ISLAMABAD: The Supreme Court ordered the Election Commission of Pakistan (ECP) and the Khyber Pakhtunkhwa government on Monday to present reports about preliminary measures being taken by them for holding local government elections in the province.

The order by a three-judge bench headed by Chief Justice Nasirul Mulk came against the backdrop of a report submitted by the ECP after a meeting with the provincial government that said that holding local bodies elections in Khyber Pakhtunkhwa was not possible before March next year due to anomalies in the law and rules which the province needed to rectify.

The report was submitted in response to earlier directives of the court to the provincial government to hold a meeting with the ECP and chalk out a plan for the elections.

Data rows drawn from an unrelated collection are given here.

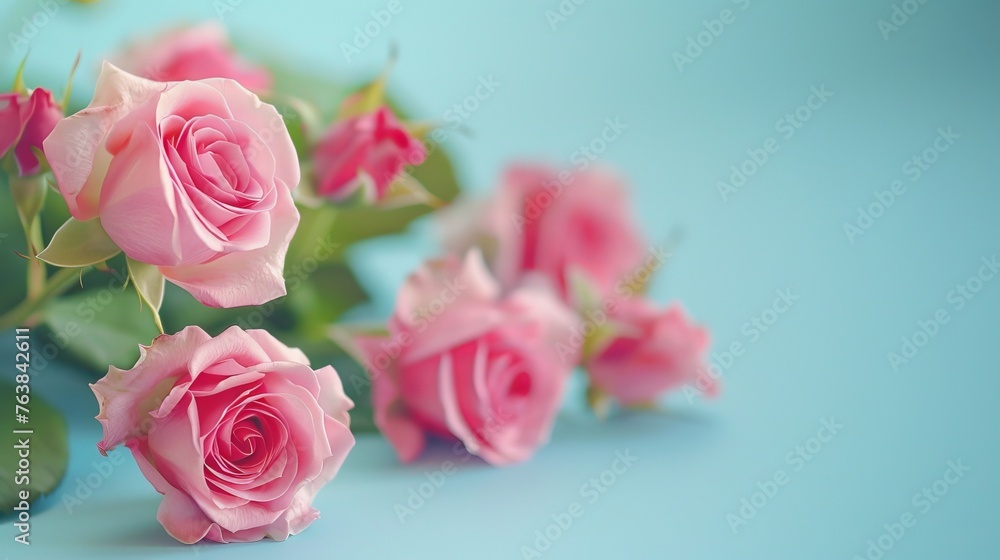 Romantic pink roses Romantic pink roses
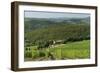 Vineyard and Olive Grove, Pian D'Albola, Radda in Chianti, Siena Province, Tuscany, Italy, Europe-Peter Richardson-Framed Photographic Print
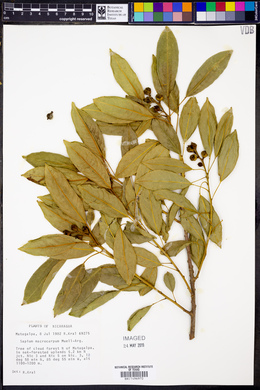 Sapium macrocarpum image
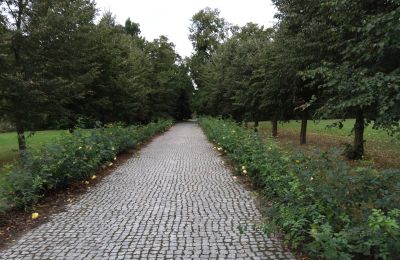 Villa padronale in vendita Zarębów, Dwór w Zarębowie, Łódź, Vialetto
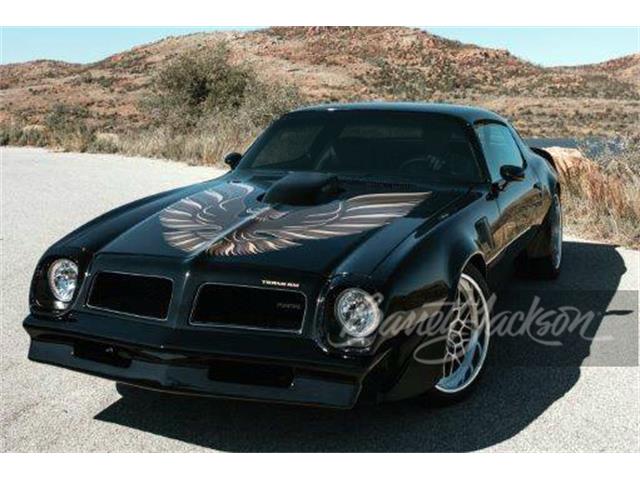 1976 Pontiac Firebird Trans Am for Sale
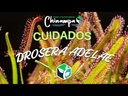 DROSERA PARADOXA INSECTIVORA/CARNIVORA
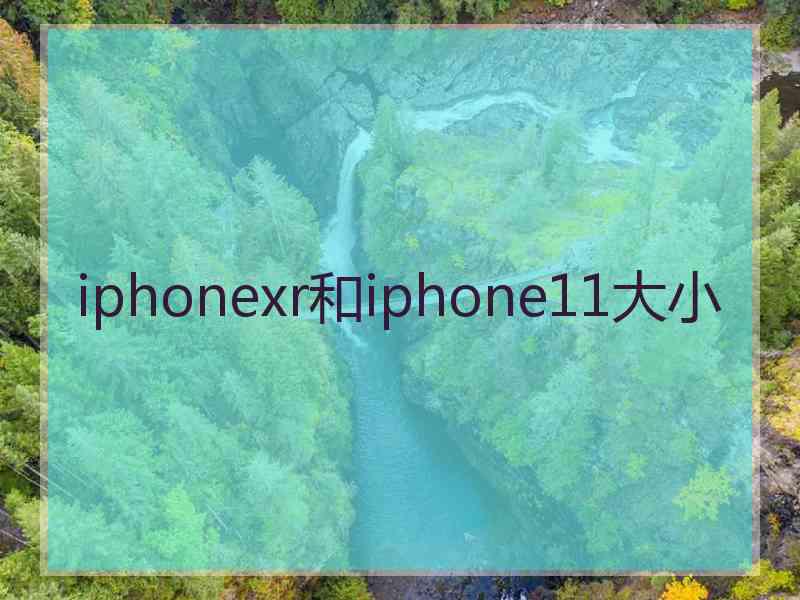 iphonexr和iphone11大小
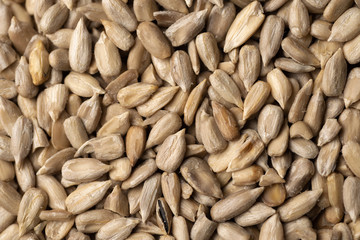 Sunflower Seeds Texture. Macro Background.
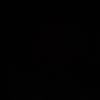 no.r09888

Advocate Muhammad Akram Sheikh, representing the ECP, said preliminary preparations and making arrangements for a biometric system for the elections in the province would take at least five months.

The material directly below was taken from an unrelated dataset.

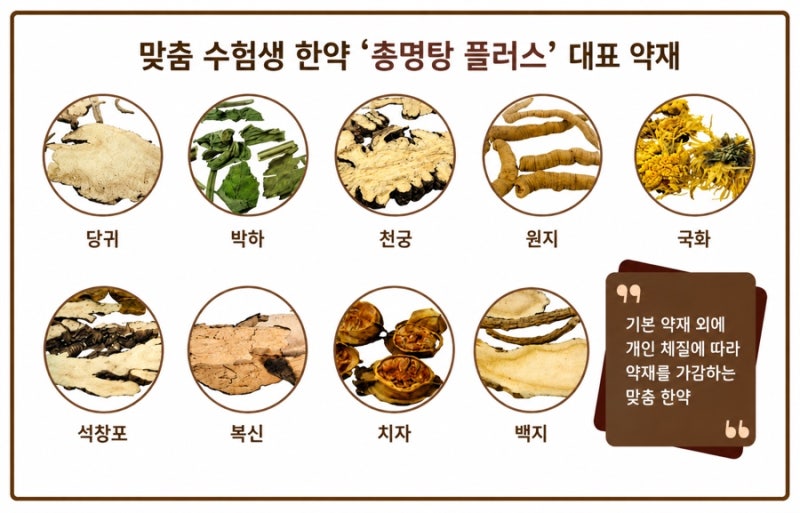 총명탕 관련 이미지 3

The court ordered the ECP and the provincial government to complete the process and submit a comprehensive report within a month so that the commission could announce the date for the elections.

It also ordered the governments of the Punjab and Sindh to complete legislations for the delimitation of constituencies in the provinces by Oct 30.

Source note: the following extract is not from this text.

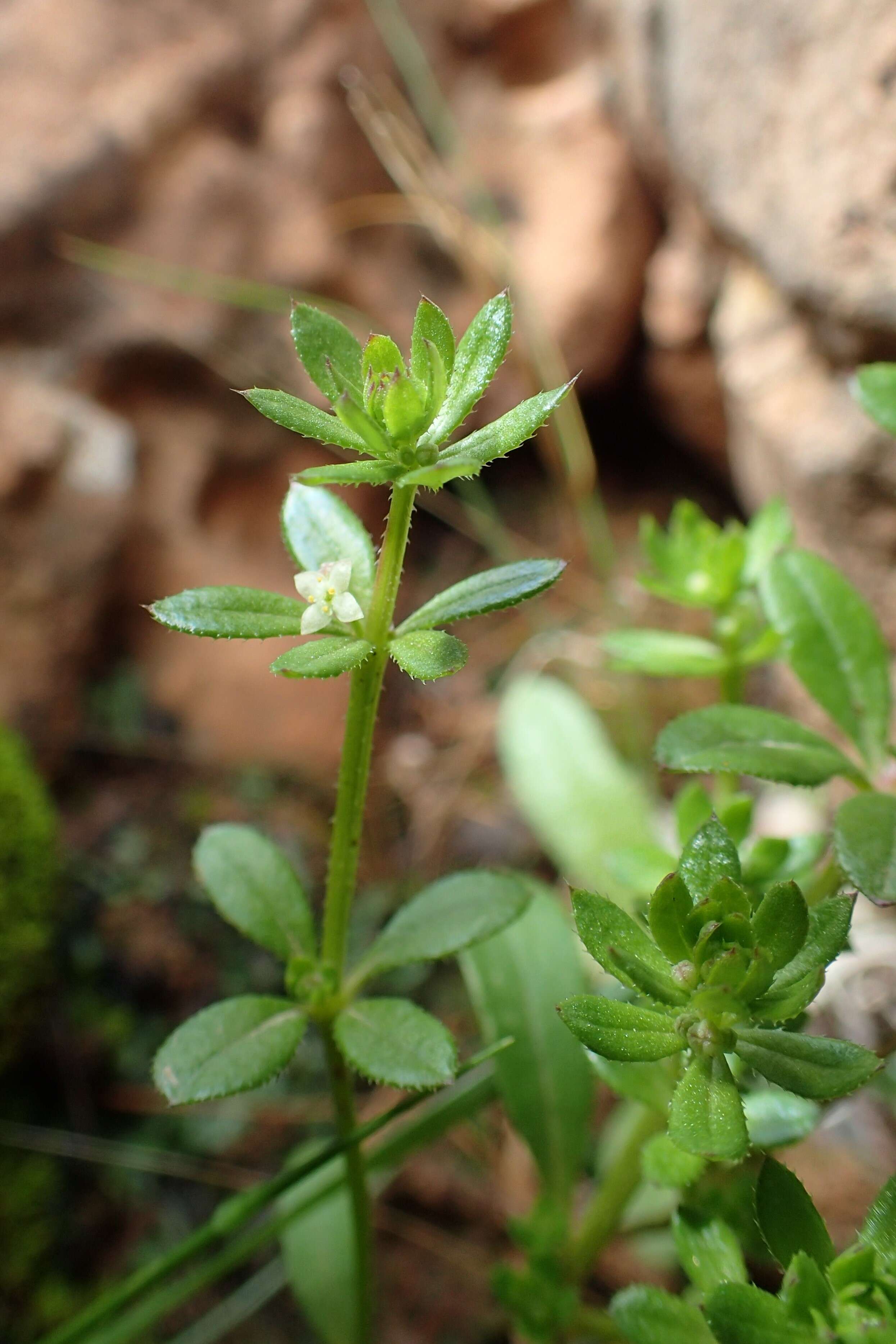 Image of warty bedstraw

Attorney General Salman Aslam Butt said the federal government had promulgated two ordinances authorising the ECP to delimit constituencies and prepare electoral rolls in accordance with the March 20 judgment of the court.

Punjab’s Additional Advocate General Razzaq A. Mirza said an ordinance amending the local government laws would soon be tabled in the Punjab Assembly.

Mir Qasim Jath, representing the Sindh government, informed the court that a bill pertaining to local bodies’ elections would be tabled in the Sindh Assembly.

The court was informed that the authority to delimit constituencies in Sindh and Punjab would be given to the ECP after the approval by the assemblies.

Advocate Sheikh argued that the demarcation of constituencies in 45 days was not reasonable and the process would take at least six months.

The court observed that it would consider the commission’s request for extending the period for delimitation after Sindh and Punjab would complete the legislative process. The case will now be taken up on Oct 30.